Work required: Give back exactly the lines from the one containing "Sarfraz Ahmed Sirのプロフィール | Binance Square" through the end of the records, including both, and no others.

Records shown:
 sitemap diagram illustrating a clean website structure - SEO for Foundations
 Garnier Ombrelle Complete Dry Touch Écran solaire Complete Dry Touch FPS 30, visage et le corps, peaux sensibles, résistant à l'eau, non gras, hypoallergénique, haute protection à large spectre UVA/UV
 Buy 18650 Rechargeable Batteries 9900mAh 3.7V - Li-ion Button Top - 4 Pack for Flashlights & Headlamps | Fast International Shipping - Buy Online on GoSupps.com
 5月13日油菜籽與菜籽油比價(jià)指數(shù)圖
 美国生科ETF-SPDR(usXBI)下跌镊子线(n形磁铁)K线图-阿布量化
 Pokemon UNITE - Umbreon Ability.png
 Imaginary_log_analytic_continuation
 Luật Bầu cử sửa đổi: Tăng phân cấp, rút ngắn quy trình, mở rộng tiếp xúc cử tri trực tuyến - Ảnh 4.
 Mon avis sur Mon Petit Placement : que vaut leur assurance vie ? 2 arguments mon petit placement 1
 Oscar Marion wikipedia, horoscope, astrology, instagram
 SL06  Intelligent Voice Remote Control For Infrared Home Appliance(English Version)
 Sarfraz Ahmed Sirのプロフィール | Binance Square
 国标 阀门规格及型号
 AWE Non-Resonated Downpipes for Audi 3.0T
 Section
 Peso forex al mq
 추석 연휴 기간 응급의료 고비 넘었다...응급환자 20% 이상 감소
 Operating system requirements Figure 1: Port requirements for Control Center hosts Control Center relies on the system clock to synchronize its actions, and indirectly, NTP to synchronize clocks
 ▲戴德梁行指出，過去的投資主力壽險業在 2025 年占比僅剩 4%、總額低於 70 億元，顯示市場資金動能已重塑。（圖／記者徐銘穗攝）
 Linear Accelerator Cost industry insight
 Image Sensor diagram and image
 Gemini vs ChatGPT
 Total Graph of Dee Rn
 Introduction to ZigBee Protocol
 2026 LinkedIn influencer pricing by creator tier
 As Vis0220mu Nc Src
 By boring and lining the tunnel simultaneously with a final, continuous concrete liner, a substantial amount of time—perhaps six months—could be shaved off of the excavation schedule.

Result of this exercise:
 Sarfraz Ahmed Sirのプロフィール | Binance Square
 国标 阀门规格及型号
 AWE Non-Resonated Downpipes for Audi 3.0T
 Section
 Peso forex al mq
 추석 연휴 기간 응급의료 고비 넘었다...응급환자 20% 이상 감소
 Operating system requirements Figure 1: Port requirements for Control Center hosts Control Center relies on the system clock to synchronize its actions, and indirectly, NTP to synchronize clocks
 ▲戴德梁行指出，過去的投資主力壽險業在 2025 年占比僅剩 4%、總額低於 70 億元，顯示市場資金動能已重塑。（圖／記者徐銘穗攝）
 Linear Accelerator Cost industry insight
 Image Sensor diagram and image
 Gemini vs ChatGPT
 Total Graph of Dee Rn
 Introduction to ZigBee Protocol
 2026 LinkedIn influencer pricing by creator tier
 As Vis0220mu Nc Src
 By boring and lining the tunnel simultaneously with a final, continuous concrete liner, a substantial amount of time—perhaps six months—could be shaved off of the excavation schedule.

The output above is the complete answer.